Supplied information
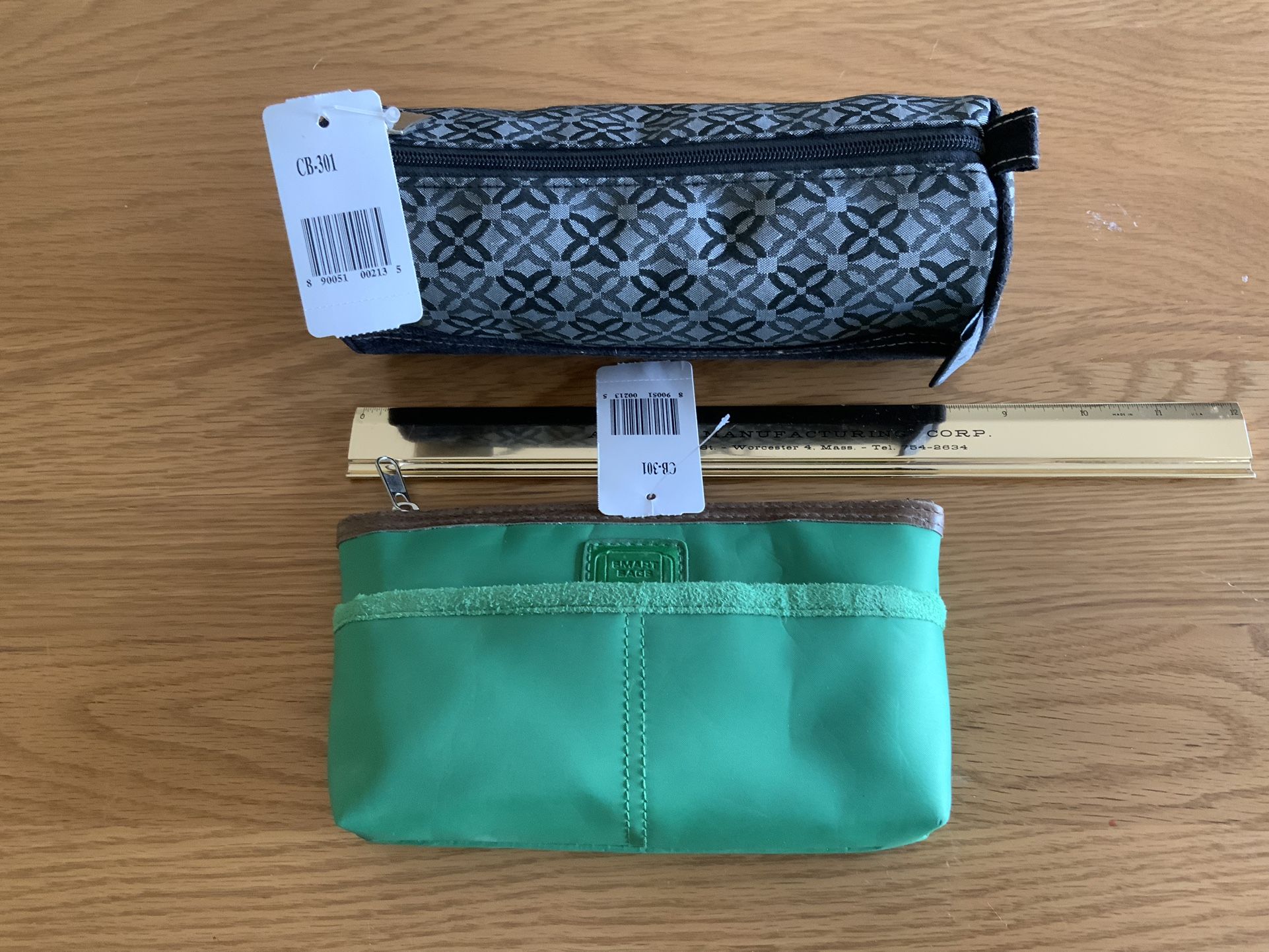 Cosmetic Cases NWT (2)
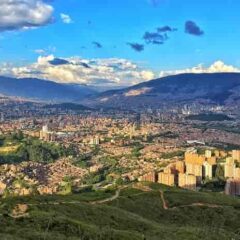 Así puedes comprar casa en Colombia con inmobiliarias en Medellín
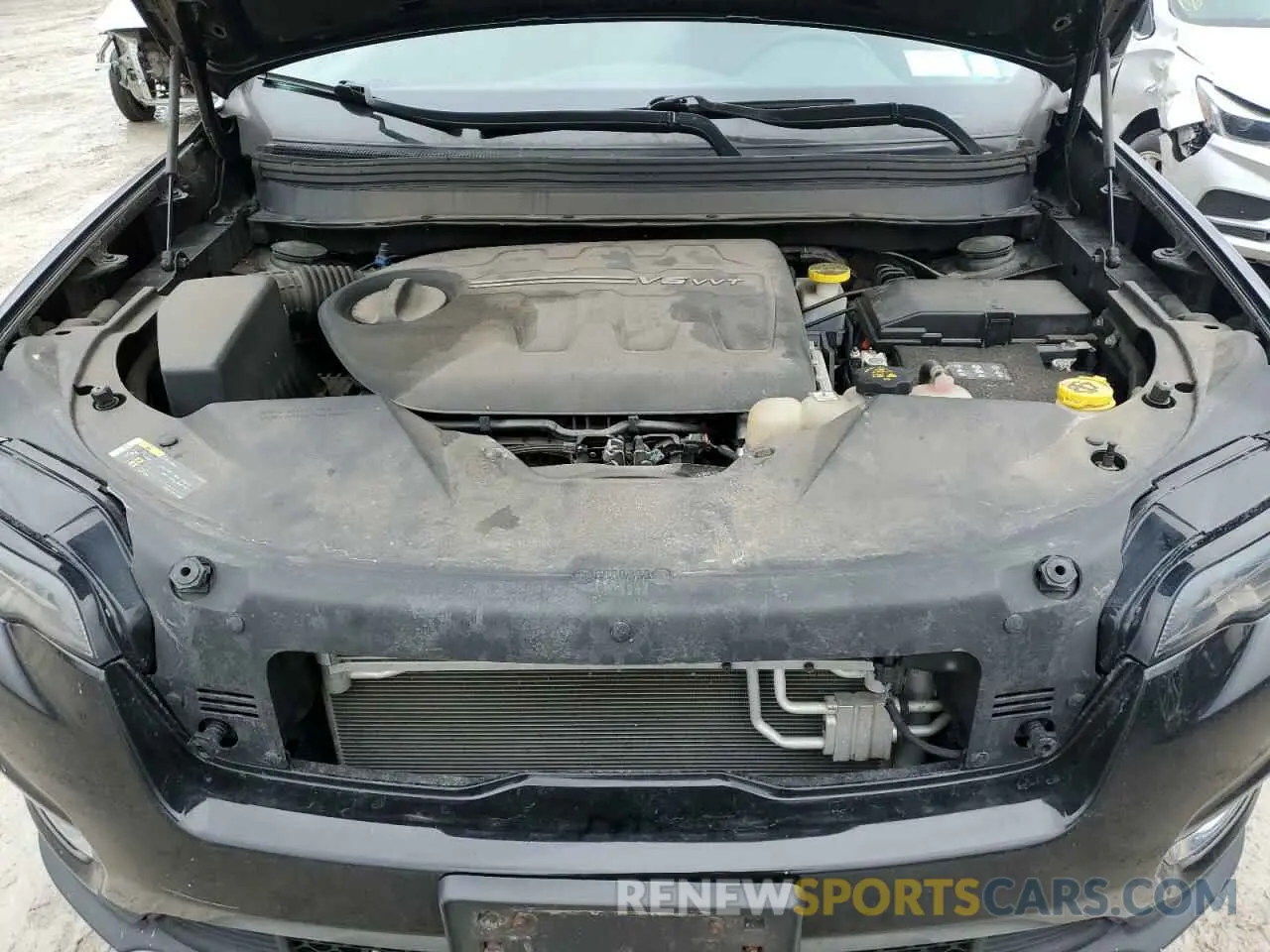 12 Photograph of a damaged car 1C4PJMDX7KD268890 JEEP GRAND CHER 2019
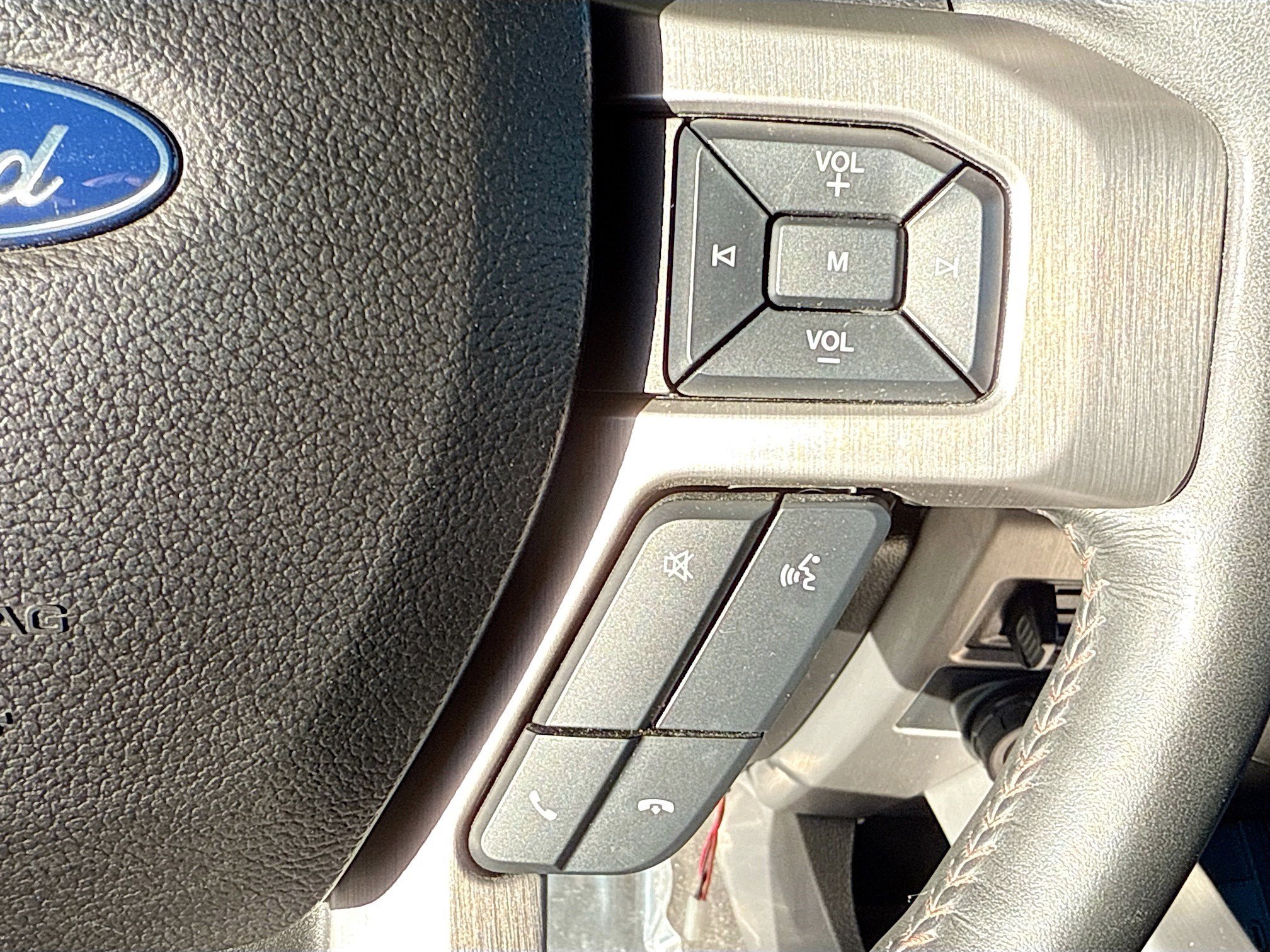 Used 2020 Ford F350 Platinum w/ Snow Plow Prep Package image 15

The problem
Without the pictures, transcribe the lines from the one containing "12 Photograph of" through the end of the data, exactly and only those.

Response to this exercise
 12 Photograph of a damaged car 1C4PJMDX7KD268890 JEEP GRAND CHER 2019
 Used 2020 Ford F350 Platinum w/ Snow Plow Prep Package image 15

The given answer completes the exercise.